また、相互情報提供のしくみが導入され、違反が面的に把握される体制が整えられます。さらに、「報復措置の禁止」の申告先としても所管省庁が追加され、中小受託事業者が安心して通報できる環境が確保されます。
これにより、違反の早期是正と業界全体の取引適正化が一層進むことが期待されます。
委託事業者の禁止行為の明確化・追加
改正では、委託事業者の禁止行為が明確化・追加されます。
従来の「受領拒否・支払い遅延・減額・返品・買いたたき」などに加えて、「協議に応じない一方的な代金決定」「型・治具などの無償保管の強要」「振込手数料を受注者に負担させる行為」などが違反行為として明記されました。

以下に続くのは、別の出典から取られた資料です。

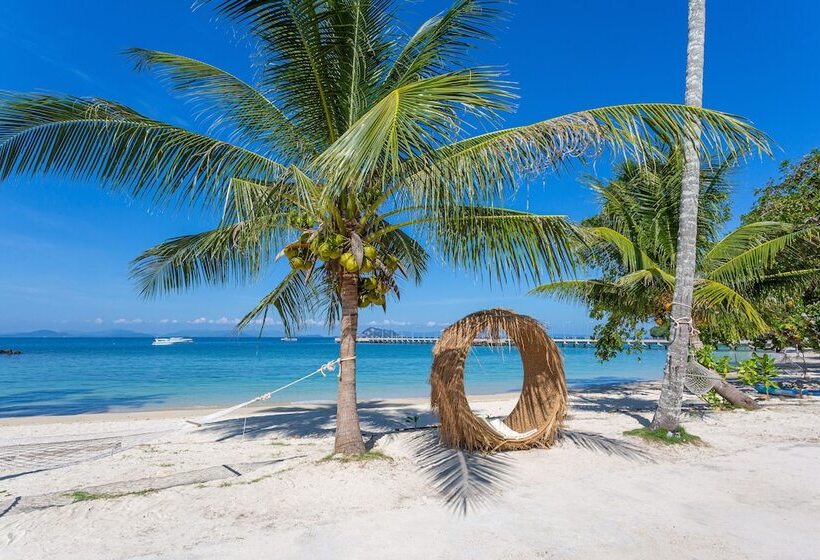 בית מלון כפרי Koh Yao Heaven Beach Resort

これにより、従来「グレーゾーン」とされていた取引慣行が明確に違法とされ、委託事業者にはより厳格な対応が求められます。
禁止行為は「合意の有無にかかわらず」違反となるため、慣例的に行われてきた行為も今後は見直し必須です。
まとめ
2025年の建設業法改正は、従業員の処遇改善、資材高騰への対応、働き方改革や生産性向上といった業界の根本的課題に切り込む内容となっています。
賃金や工期、契約内容の適正化を通じて、公正で持続可能な取引環境を整えることが狙いです。
さらに2026年には法律名や用語の変更、手形払いの全面禁止など、取引の透明性を一層強化する改正が予定されています。
こうした流れを踏まえ、各企業は法改正を単なる義務ではなく経営改善の好機ととらえ、自主的な対応を進めることが信頼と競争力の維持につながるでしょう。